### Recorded data
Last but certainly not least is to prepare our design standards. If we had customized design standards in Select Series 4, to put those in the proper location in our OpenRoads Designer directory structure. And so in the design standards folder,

==

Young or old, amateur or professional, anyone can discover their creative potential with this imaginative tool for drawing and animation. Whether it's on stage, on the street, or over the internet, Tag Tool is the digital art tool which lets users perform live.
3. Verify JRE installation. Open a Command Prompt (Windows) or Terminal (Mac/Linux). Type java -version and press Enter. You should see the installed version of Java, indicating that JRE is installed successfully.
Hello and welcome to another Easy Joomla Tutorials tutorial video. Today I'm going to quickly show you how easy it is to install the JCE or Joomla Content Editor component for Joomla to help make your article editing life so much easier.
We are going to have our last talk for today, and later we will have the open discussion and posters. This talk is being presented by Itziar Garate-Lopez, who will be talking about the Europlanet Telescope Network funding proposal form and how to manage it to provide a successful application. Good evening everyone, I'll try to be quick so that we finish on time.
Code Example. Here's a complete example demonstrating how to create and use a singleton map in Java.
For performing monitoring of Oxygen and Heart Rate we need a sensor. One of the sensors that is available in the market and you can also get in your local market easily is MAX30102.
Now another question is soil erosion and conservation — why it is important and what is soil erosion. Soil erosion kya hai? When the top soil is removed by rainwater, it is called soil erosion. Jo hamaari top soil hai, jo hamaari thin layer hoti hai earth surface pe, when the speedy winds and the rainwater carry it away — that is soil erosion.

...

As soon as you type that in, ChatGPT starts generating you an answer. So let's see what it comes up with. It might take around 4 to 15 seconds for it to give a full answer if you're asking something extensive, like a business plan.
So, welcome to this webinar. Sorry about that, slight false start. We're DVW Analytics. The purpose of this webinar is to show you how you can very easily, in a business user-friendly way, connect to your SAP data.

### The task
Everything above from the line containing "Hello and welcome" down to the line containing "Now another question" is to be transcribed exactly, with both of those lines included and nothing else added.

### Answer space
Hello and welcome to another Easy Joomla Tutorials tutorial video. Today I'm going to quickly show you how easy it is to install the JCE or Joomla Content Editor component for Joomla to help make your article editing life so much easier.
We are going to have our last talk for today, and later we will have the open discussion and posters. This talk is being presented by Itziar Garate-Lopez, who will be talking about the Europlanet Telescope Network funding proposal form and how to manage it to provide a successful application. Good evening everyone, I'll try to be quick so that we finish on time.
Code Example. Here's a complete example demonstrating how to create and use a singleton map in Java.
For performing monitoring of Oxygen and Heart Rate we need a sensor. One of the sensors that is available in the market and you can also get in your local market easily is MAX30102.
Now another question is soil erosion and conservation — why it is important and what is soil erosion. Soil erosion kya hai? When the top soil is removed by rainwater, it is called soil erosion. Jo hamaari top soil hai, jo hamaari thin layer hoti hai earth surface pe, when the speedy winds and the rainwater carry it away — that is soil erosion.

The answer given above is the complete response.